“Through many kalpas, because of your ear-organ, you hanker after external sounds; your hearing of mystic sounds begets attachment to them; your hearing of evil sounds causes the harm of 108 illusions. Such retribution of your hearing evils brings about evil things and your incessant hearing of evil sounds produces entanglements.” —the Lotus Sutra


practice 39 fall 1999

Once, when Kang Xi, the second emperor of the Qing Dynasty, was a crown prince he went to Wu Tai Mountain to meditate. He usually practiced Chan (Zen). One day, as he was taking a walk around the temple grounds, he heard an evening bell toll. Suddenly, the ringing no longer came from the bell, but it peacefully resonated from deep within his mind.

Upon experiencing such a rare phenomenon, he asked one of the courtiers by his side with great delight, “How does that bell sound to you?” A monk standing next to the courtier, who was not even addressed by the prince, abruptly interrupted the conversation to impress the prince, saying, “My lord, even the sound of a black crow is Buddha’s teaching.” In that moment, a severe disgust arose in the prince’s mind at the way the monk tried to impress him, completely destroying the prince’s samadhi—the meditative stare characterized by calm, stability, and the absence of distraction.
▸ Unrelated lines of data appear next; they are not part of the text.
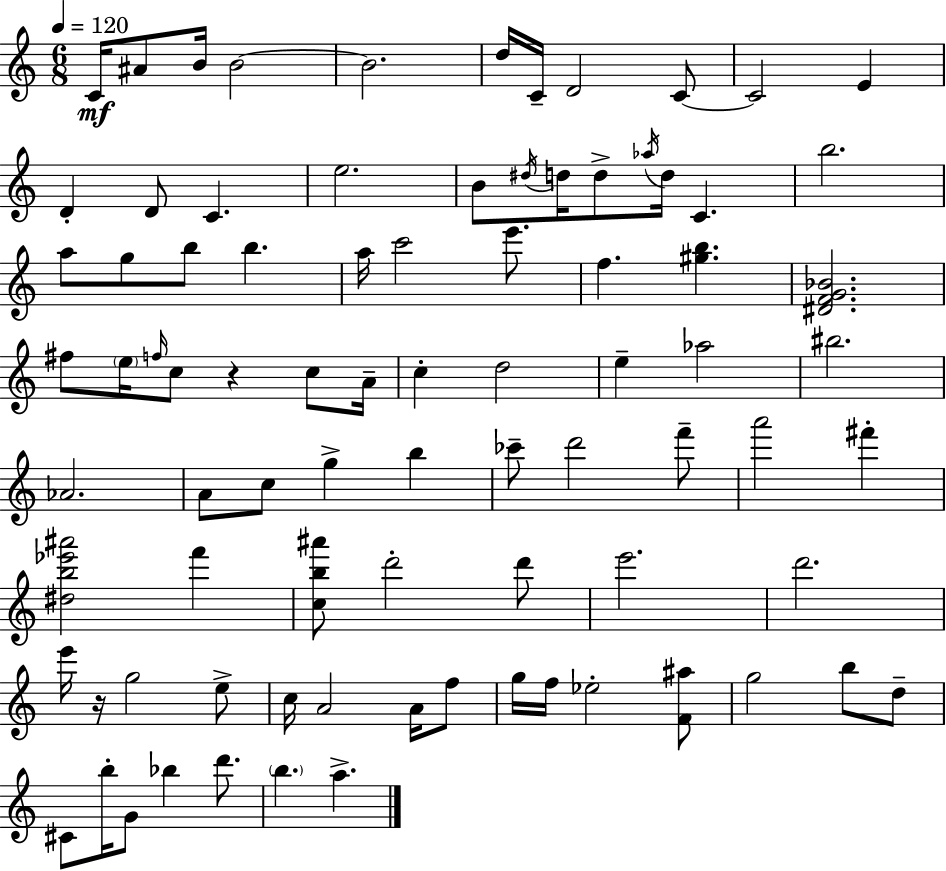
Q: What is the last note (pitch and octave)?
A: A5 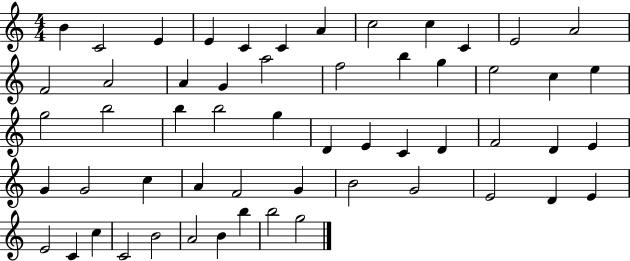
{
  \clef treble
  \numericTimeSignature
  \time 4/4
  \key c \major
  b'4 c'2 e'4 | e'4 c'4 c'4 a'4 | c''2 c''4 c'4 | e'2 a'2 | \break f'2 a'2 | a'4 g'4 a''2 | f''2 b''4 g''4 | e''2 c''4 e''4 | \break g''2 b''2 | b''4 b''2 g''4 | d'4 e'4 c'4 d'4 | f'2 d'4 e'4 | \break g'4 g'2 c''4 | a'4 f'2 g'4 | b'2 g'2 | e'2 d'4 e'4 | \break e'2 c'4 c''4 | c'2 b'2 | a'2 b'4 b''4 | b''2 g''2 | \break \bar "|."
} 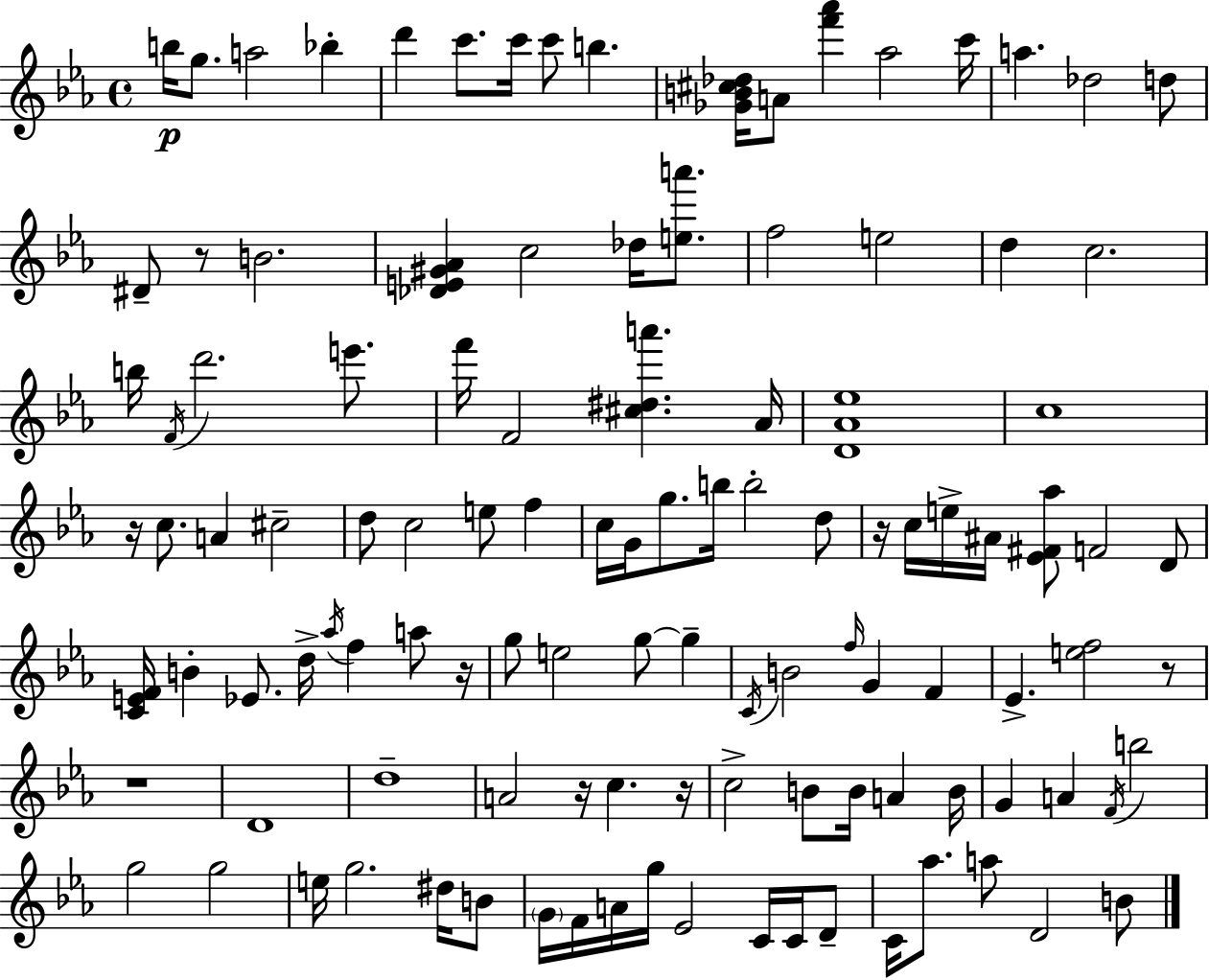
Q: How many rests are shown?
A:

According to Master Baek, hearing the sound of the bell as the sound of one’s mind is a hard level to achieve for a spiritual practitioner because it means that one’s ego has melted away. He said that if the ringing resembles the sound of the bell and the sound of your mind, your practice is halfway there. If the ringing sounds like it comes entirely from the bell, then you should know that you are just starting on your spiritual path. To test our stages of development, our teacher asked us from time to time where we thought the sounds from outside—such as that of a bell, gong, or carriage—were coming from.